The thing virtually zombies is that they're hard to kill. Sure, you shoot 'em in the caput and that's supposed to do the fob. But when they're rushing and gnashing and flailing at y'all—as modern-mean solar day zombies tend to do—it can be hard to concentrate and get a adept shot. This is particularly true when they're coming at you en masse beyond a desolate wasteland, the kind you notice in so many movies based on Young Adult novels.

Such is the sensation of watching "Maze Runner: TheDeathCure," the third and final film in the series based on James Dashner's novels. It just… won't … end. For better and for worse, information technology's an overwhelming experience. And just when y'all think it's over, there'due south some other coda, and so another. The music will swell to a crescendo, signaling our demand to experience peak emotions and planned catharsis, and so there are more than loose ends to be tied up, more than overly explanatory narration to endure.

I mean, I become it. It takes a long time to detect adeathcure. Simply come up on.

For a while, though, Wes Brawl's flick moves actually well. He'southward directed all iii installments in the franchise—including 2014's "The Maze Runner" and the 2015 follow-up "The Maze Runner: The Scorch Trials"—and what separates his films from the overcrowded field of teen dystopian dramas is his visceral sense of space and free energy.

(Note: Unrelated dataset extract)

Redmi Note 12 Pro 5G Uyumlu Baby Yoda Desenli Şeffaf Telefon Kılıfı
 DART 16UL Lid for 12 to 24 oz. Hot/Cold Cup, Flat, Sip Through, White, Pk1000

Brawl's activity sequences take a tangible, accessible quality about them, which is especially truthful in his doozy of an opening sequence: a 10-minute car chase/train robbery across the desert that's got a grit, intensity and rough-hewn artful reminiscent of "Mad Max: Fury Route." And equally is the instance in all the "Maze Runner" movies—particularly the original—the sound blueprint is powerful and immersive. You certainly would never want to spend whatsoever fourth dimension in the Glade, or the Scorch, or any of the adjacent, post-apocalyptic hellholes, just Ball'south films make yous feel as if you lot've done just that.

Working from a script past returning writer T.S. Nowlin, he drops us right into the action—there's no "Previously on `The Maze Runner …'"—so if you've forgotten this place and these characters, yous may feel a picayune lost. Still, there's no fourth dimension to worry virtually that. Our hero, the obligatory YA Chosen One, Thomas (Dylan O'Brien), and his crew must free their friends from the clutches of the bad guys at WCKD. (With an acronym like that, what else could they be?)

A squad of scientists led past the coolly minimalist Ava Paige (Patricia Clarkson) and a squad of law enforcement agents led past the relentlessly evil Janson (Aidan Gillen) maintain command of the imposing Last Metropolis. (No, really, that's what it's chosen.) Simultaneously, they're still rounding up all the remaining children and performing experiments on them to see who is allowed and can provide a serum tocure this decimated globe of the zombie plague.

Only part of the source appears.